RECORDS SHOWN
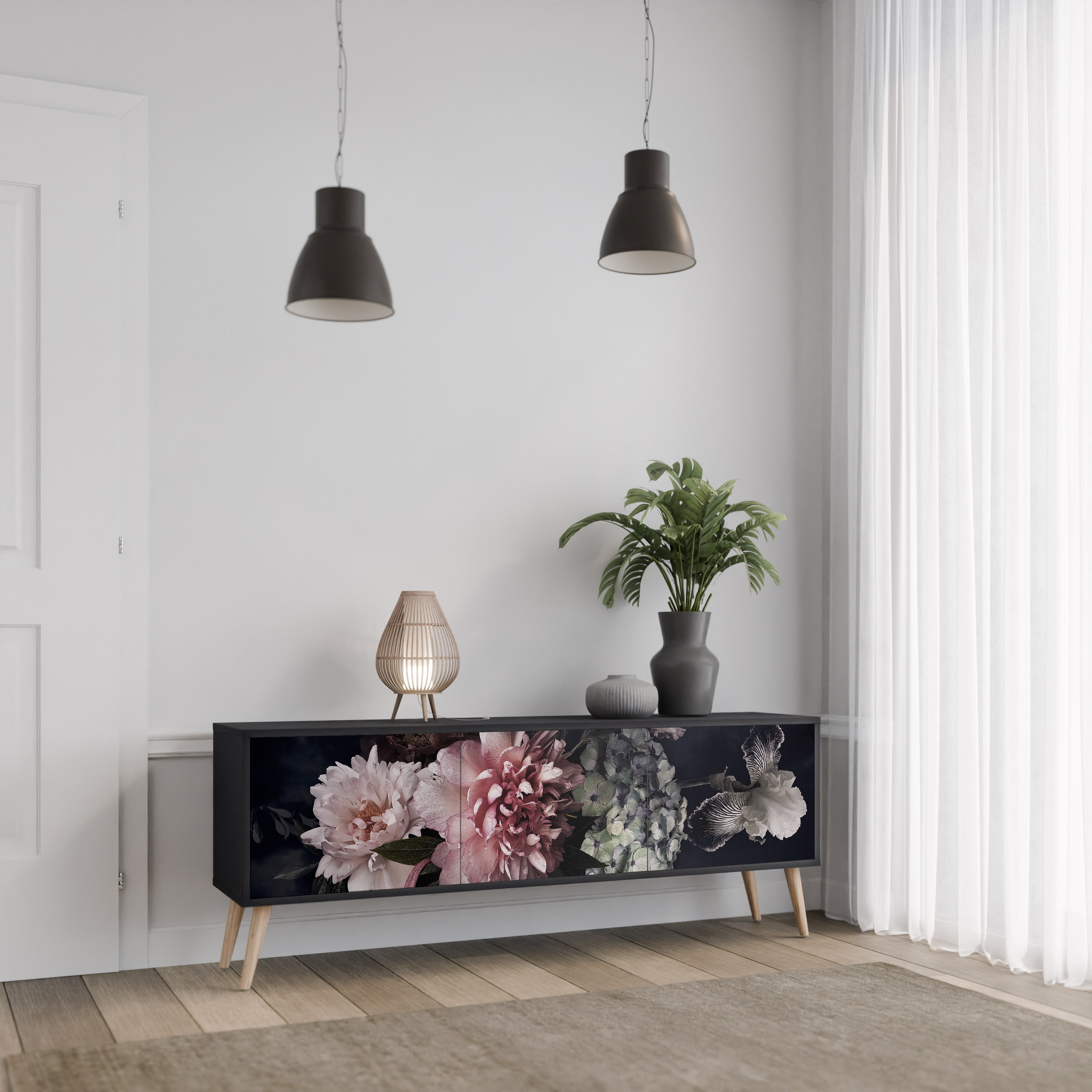 Meuble TV 3 portes PURE BLOSSOM finition noire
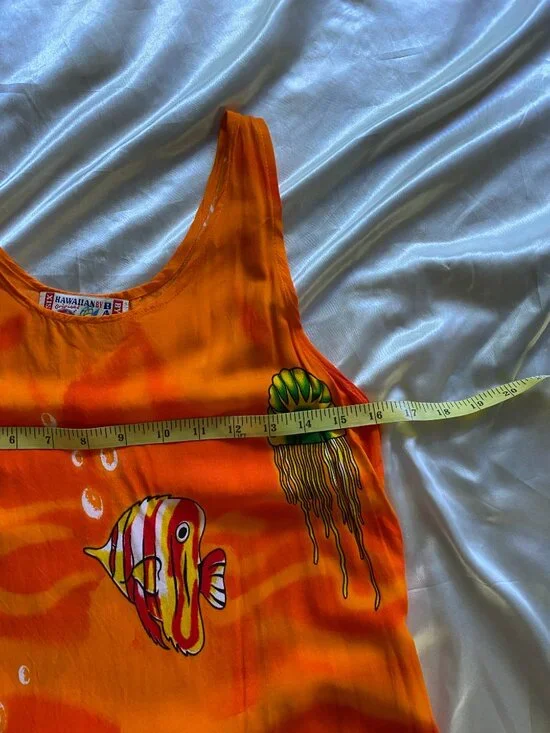 Vintage 1990s Hawaiian Fish Dress Underwater Summer Small Basix Small Beach - Picture 3 of 7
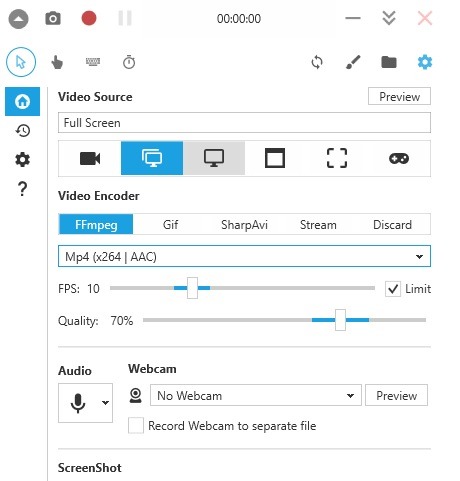 Widget Pro de l'enregistreur d'écran Windows10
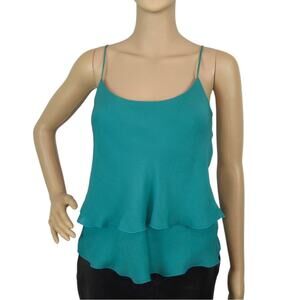 EMPORIO ARMANI Teal Silk Tiered Layered Cami Camisole Women’s Size XS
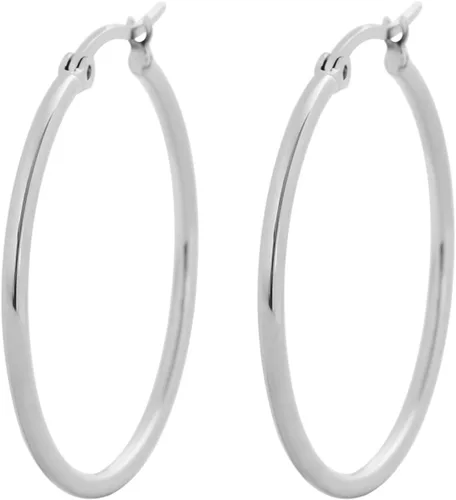 Vista 33 de Edforce - Aretes de acero inoxidable tipo argolla (20-60 mm de diámetro)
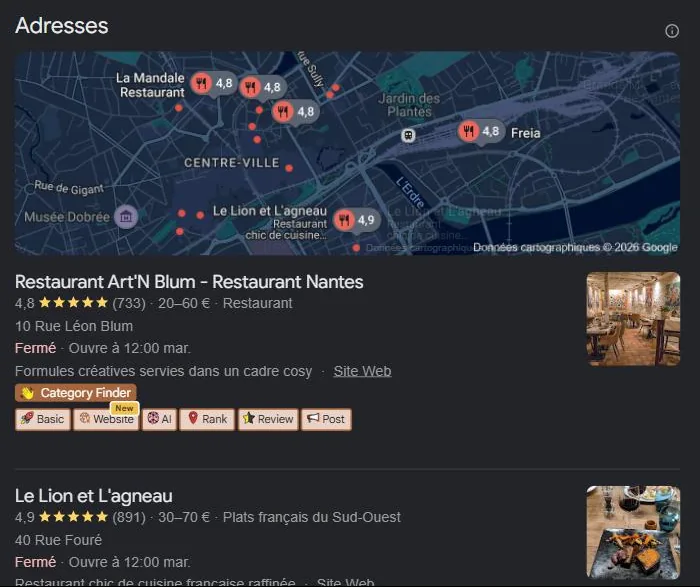 Pack local Google pour « meilleur restaurant Nantes » : les restaurants les mieux notés géolocalisés sur la carte. Relevé de juillet 2026.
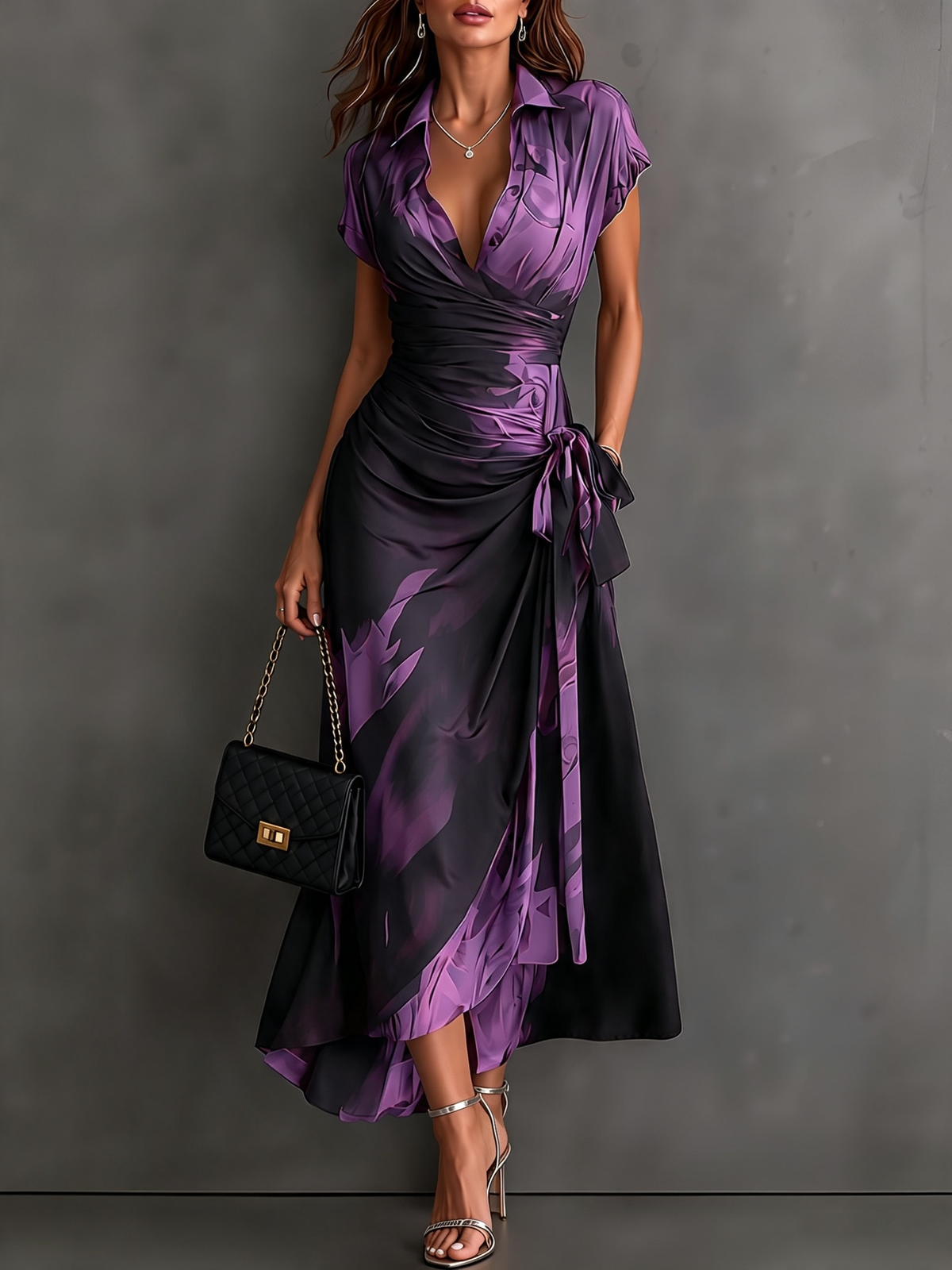 Rosalie | Robe Midi Croisée à Imprimé Abstrait, Col V, Manches Courtes, Ceinture et Ourlet Asymétrique à Volant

YOUR OBJECTIVE
In your answer, repeat all the entries exactly, but leave out the pictures.

RESPONSE FOR THIS EXERCISE
 Meuble TV 3 portes PURE BLOSSOM finition noire
 Vintage 1990s Hawaiian Fish Dress Underwater Summer Small Basix Small Beach - Picture 3 of 7
 Widget Pro de l'enregistreur d'écran Windows10
 EMPORIO ARMANI Teal Silk Tiered Layered Cami Camisole Women’s Size XS
 Vista 33 de Edforce - Aretes de acero inoxidable tipo argolla (20-60 mm de diámetro)
 Pack local Google pour « meilleur restaurant Nantes » : les restaurants les mieux notés géolocalisés sur la carte. Relevé de juillet 2026.
 Rosalie | Robe Midi Croisée à Imprimé Abstrait, Col V, Manches Courtes, Ceinture et Ourlet Asymétrique à Volant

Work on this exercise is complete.